Key West is also popular for its sunsets. In fact, watching a beautiful sunset from Mallory Square is one of the top things to do for tourists. This city has also been home to many famous writers, including Robert Frost and Ernest Hemingway. Even today, Key West continues to draw creative individuals from distant places owing to its tolerant and Bohemian atmosphere. Here are some of the things you can do while exploring Key West:

1. Visit Dry Tortugas National Park by taking a boat excursion

Dry Tortugas National Park is located about 65 miles southwest of the city and comprises seven reef islands. This national park was given its name by the explorer Ponce de Leon owing to the turtles found here. This isolated park offers some exciting opportunities to indulge in snorkeling.
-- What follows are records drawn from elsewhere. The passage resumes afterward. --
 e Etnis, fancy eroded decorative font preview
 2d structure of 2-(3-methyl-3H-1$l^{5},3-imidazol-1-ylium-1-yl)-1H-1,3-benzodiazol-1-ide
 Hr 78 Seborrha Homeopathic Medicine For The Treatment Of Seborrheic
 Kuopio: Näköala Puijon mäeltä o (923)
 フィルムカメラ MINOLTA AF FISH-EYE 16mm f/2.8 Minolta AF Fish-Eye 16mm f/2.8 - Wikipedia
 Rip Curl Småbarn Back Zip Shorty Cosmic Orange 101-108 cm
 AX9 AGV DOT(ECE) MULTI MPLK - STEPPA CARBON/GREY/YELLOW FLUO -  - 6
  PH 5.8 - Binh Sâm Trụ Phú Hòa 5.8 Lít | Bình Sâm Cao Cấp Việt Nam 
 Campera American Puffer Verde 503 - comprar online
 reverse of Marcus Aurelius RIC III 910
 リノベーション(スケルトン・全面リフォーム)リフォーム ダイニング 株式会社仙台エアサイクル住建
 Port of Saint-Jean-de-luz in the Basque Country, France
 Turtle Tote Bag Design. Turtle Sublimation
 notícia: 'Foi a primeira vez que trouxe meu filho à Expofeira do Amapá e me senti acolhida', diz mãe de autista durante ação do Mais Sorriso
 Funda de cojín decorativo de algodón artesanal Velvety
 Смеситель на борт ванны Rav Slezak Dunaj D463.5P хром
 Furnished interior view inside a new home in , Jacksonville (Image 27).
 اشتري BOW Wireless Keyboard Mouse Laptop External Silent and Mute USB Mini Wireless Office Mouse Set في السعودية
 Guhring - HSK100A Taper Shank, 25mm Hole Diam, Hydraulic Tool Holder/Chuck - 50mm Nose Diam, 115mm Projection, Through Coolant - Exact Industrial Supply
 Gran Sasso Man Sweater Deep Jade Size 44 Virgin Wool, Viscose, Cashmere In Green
If you’re not in the mood for snorkeling, you can simply relax on its sandy beaches.

The Catamaran Boat Excursions leave from Key West to this national park. These excursions include lunch and also provide equipment for snorkeling. One of the dry parts of the national park is Garden Key, which is home to Fort Jefferson. This 19th-century fort was constructed by the United States government. The purpose was to protect and control the shipping channel of the Gulf of Mexico.

During the American Civil War, the fort functioned as a prison for the deserters of the Union. It had also housed Dr. Samuel Mudd. He was a co-conspirator in Abraham Lincoln’s assassination. Currently, the Dry Tortugas National Park is run by the National Park Service.

2. Get on the Conch Tour Train

You can find several historic homes and some of the renowned tourist attractions of the city along Duval Street. It also has many shops and restaurants that entertain passengers of cruise ships and tourists. Undoubtedly, this street is the main tourist strip of Key West. It begins from Mallory Square and stretches all the way to the Southernmost Point market.

Throughout the year, a variety of festivals and events are hosted in this area. The most popular among them is the Hemingway Days Festival. You can take the Conch Tour Train, which is a perfect way to enjoy the sights of the area. This train travels through key areas like Duval Street, Hemingway’s House, and the waterfront.

3. Explore the Mel Fisher Maritime Museum

The Mel Fisher Maritime Museum displays many artifacts that were mostly obtained from the shipwrecks. It also provides valuable information on Mel Fisher, a diver who discovered many shipwrecks that carried valuable artifacts. One of them was an English ship. It was first discovered about 35 miles west of the city in 1972.

The ship was identified as the Henrietta Marie later on. It was a slave ship, which had disappeared in the 18th century after selling 190 African captives in Jamaica. It had some invaluable artifacts that offered a glimpse into the history of maritime slave trade.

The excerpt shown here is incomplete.